> [Exercise data]:
_ _ _ _ _ _ _

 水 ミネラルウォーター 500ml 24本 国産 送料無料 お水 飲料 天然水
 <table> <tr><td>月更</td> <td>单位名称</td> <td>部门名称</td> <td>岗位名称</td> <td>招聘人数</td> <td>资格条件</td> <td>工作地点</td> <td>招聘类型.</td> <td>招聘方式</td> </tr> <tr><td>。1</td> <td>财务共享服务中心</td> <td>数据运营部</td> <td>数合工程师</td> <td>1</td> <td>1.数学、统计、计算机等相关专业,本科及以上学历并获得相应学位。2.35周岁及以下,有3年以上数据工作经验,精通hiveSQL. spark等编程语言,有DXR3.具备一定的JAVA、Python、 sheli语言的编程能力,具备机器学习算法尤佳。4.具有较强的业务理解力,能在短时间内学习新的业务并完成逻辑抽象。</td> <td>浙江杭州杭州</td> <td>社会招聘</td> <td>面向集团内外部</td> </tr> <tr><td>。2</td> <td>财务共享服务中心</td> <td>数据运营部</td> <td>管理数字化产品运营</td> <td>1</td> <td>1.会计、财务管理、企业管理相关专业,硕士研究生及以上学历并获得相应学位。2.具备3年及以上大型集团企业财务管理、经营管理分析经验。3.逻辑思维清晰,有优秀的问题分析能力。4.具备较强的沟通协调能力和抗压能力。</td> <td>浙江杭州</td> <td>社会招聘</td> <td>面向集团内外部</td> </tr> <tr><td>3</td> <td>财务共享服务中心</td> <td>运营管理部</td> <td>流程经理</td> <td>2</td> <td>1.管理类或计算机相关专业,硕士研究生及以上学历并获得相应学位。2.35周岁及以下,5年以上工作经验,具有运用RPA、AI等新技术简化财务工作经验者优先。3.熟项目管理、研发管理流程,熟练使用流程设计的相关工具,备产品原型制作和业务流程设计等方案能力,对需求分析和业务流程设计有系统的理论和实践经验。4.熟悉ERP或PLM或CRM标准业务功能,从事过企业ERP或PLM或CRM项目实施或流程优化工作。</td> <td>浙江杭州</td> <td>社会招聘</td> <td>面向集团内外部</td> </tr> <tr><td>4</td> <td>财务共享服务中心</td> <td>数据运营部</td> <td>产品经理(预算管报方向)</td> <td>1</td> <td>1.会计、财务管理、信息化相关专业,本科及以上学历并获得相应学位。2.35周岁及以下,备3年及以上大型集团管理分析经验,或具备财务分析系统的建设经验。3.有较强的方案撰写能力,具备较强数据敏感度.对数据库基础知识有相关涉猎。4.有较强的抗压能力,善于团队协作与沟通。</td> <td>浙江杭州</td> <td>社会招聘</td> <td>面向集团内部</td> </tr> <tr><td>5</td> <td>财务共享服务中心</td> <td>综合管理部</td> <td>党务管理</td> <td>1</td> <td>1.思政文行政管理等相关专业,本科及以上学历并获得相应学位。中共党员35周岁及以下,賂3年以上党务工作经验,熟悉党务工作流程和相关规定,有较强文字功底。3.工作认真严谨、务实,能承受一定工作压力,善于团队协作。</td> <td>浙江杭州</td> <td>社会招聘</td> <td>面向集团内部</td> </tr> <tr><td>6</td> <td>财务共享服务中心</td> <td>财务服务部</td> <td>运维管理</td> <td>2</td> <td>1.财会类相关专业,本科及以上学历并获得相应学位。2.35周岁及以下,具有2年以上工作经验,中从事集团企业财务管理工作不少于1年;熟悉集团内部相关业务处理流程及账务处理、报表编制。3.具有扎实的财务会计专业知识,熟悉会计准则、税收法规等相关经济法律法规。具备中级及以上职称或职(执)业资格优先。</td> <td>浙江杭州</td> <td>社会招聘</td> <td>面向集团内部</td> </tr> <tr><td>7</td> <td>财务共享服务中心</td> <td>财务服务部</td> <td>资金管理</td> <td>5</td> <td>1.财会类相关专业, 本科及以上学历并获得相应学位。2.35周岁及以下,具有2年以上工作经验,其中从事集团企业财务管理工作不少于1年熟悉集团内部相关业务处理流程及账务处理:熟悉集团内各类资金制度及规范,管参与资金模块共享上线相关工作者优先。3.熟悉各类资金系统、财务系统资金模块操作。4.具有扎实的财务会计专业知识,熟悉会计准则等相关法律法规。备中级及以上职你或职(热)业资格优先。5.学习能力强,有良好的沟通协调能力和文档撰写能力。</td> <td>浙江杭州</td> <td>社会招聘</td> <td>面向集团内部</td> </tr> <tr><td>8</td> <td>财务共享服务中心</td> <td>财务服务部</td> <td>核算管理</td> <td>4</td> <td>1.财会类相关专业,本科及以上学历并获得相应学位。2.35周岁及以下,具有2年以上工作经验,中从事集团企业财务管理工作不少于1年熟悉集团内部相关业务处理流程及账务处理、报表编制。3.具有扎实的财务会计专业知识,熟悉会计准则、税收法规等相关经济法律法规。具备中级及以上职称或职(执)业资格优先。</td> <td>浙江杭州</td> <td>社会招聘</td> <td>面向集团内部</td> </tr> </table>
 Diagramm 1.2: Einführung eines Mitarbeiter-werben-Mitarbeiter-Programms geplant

_ _ _ _ _ _ _

> [Work item]:
Produce a precise copy of all the material above.

> [Solution to this exercise]:
 水 ミネラルウォーター 500ml 24本 国産 送料無料 お水 飲料 天然水
 <table> <tr><td>月更</td> <td>单位名称</td> <td>部门名称</td> <td>岗位名称</td> <td>招聘人数</td> <td>资格条件</td> <td>工作地点</td> <td>招聘类型.</td> <td>招聘方式</td> </tr> <tr><td>。1</td> <td>财务共享服务中心</td> <td>数据运营部</td> <td>数合工程师</td> <td>1</td> <td>1.数学、统计、计算机等相关专业,本科及以上学历并获得相应学位。2.35周岁及以下,有3年以上数据工作经验,精通hiveSQL. spark等编程语言,有DXR3.具备一定的JAVA、Python、 sheli语言的编程能力,具备机器学习算法尤佳。4.具有较强的业务理解力,能在短时间内学习新的业务并完成逻辑抽象。</td> <td>浙江杭州杭州</td> <td>社会招聘</td> <td>面向集团内外部</td> </tr> <tr><td>。2</td> <td>财务共享服务中心</td> <td>数据运营部</td> <td>管理数字化产品运营</td> <td>1</td> <td>1.会计、财务管理、企业管理相关专业,硕士研究生及以上学历并获得相应学位。2.具备3年及以上大型集团企业财务管理、经营管理分析经验。3.逻辑思维清晰,有优秀的问题分析能力。4.具备较强的沟通协调能力和抗压能力。</td> <td>浙江杭州</td> <td>社会招聘</td> <td>面向集团内外部</td> </tr> <tr><td>3</td> <td>财务共享服务中心</td> <td>运营管理部</td> <td>流程经理</td> <td>2</td> <td>1.管理类或计算机相关专业,硕士研究生及以上学历并获得相应学位。2.35周岁及以下,5年以上工作经验,具有运用RPA、AI等新技术简化财务工作经验者优先。3.熟项目管理、研发管理流程,熟练使用流程设计的相关工具,备产品原型制作和业务流程设计等方案能力,对需求分析和业务流程设计有系统的理论和实践经验。4.熟悉ERP或PLM或CRM标准业务功能,从事过企业ERP或PLM或CRM项目实施或流程优化工作。</td> <td>浙江杭州</td> <td>社会招聘</td> <td>面向集团内外部</td> </tr> <tr><td>4</td> <td>财务共享服务中心</td> <td>数据运营部</td> <td>产品经理(预算管报方向)</td> <td>1</td> <td>1.会计、财务管理、信息化相关专业,本科及以上学历并获得相应学位。2.35周岁及以下,备3年及以上大型集团管理分析经验,或具备财务分析系统的建设经验。3.有较强的方案撰写能力,具备较强数据敏感度.对数据库基础知识有相关涉猎。4.有较强的抗压能力,善于团队协作与沟通。</td> <td>浙江杭州</td> <td>社会招聘</td> <td>面向集团内部</td> </tr> <tr><td>5</td> <td>财务共享服务中心</td> <td>综合管理部</td> <td>党务管理</td> <td>1</td> <td>1.思政文行政管理等相关专业,本科及以上学历并获得相应学位。中共党员35周岁及以下,賂3年以上党务工作经验,熟悉党务工作流程和相关规定,有较强文字功底。3.工作认真严谨、务实,能承受一定工作压力,善于团队协作。</td> <td>浙江杭州</td> <td>社会招聘</td> <td>面向集团内部</td> </tr> <tr><td>6</td> <td>财务共享服务中心</td> <td>财务服务部</td> <td>运维管理</td> <td>2</td> <td>1.财会类相关专业,本科及以上学历并获得相应学位。2.35周岁及以下,具有2年以上工作经验,中从事集团企业财务管理工作不少于1年;熟悉集团内部相关业务处理流程及账务处理、报表编制。3.具有扎实的财务会计专业知识,熟悉会计准则、税收法规等相关经济法律法规。具备中级及以上职称或职(执)业资格优先。</td> <td>浙江杭州</td> <td>社会招聘</td> <td>面向集团内部</td> </tr> <tr><td>7</td> <td>财务共享服务中心</td> <td>财务服务部</td> <td>资金管理</td> <td>5</td> <td>1.财会类相关专业, 本科及以上学历并获得相应学位。2.35周岁及以下,具有2年以上工作经验,其中从事集团企业财务管理工作不少于1年熟悉集团内部相关业务处理流程及账务处理:熟悉集团内各类资金制度及规范,管参与资金模块共享上线相关工作者优先。3.熟悉各类资金系统、财务系统资金模块操作。4.具有扎实的财务会计专业知识,熟悉会计准则等相关法律法规。备中级及以上职你或职(热)业资格优先。5.学习能力强,有良好的沟通协调能力和文档撰写能力。</td> <td>浙江杭州</td> <td>社会招聘</td> <td>面向集团内部</td> </tr> <tr><td>8</td> <td>财务共享服务中心</td> <td>财务服务部</td> <td>核算管理</td> <td>4</td> <td>1.财会类相关专业,本科及以上学历并获得相应学位。2.35周岁及以下,具有2年以上工作经验,中从事集团企业财务管理工作不少于1年熟悉集团内部相关业务处理流程及账务处理、报表编制。3.具有扎实的财务会计专业知识,熟悉会计准则、税收法规等相关经济法律法规。具备中级及以上职称或职(执)业资格优先。</td> <td>浙江杭州</td> <td>社会招聘</td> <td>面向集团内部</td> </tr> </table>
 Diagramm 1.2: Einführung eines Mitarbeiter-werben-Mitarbeiter-Programms geplant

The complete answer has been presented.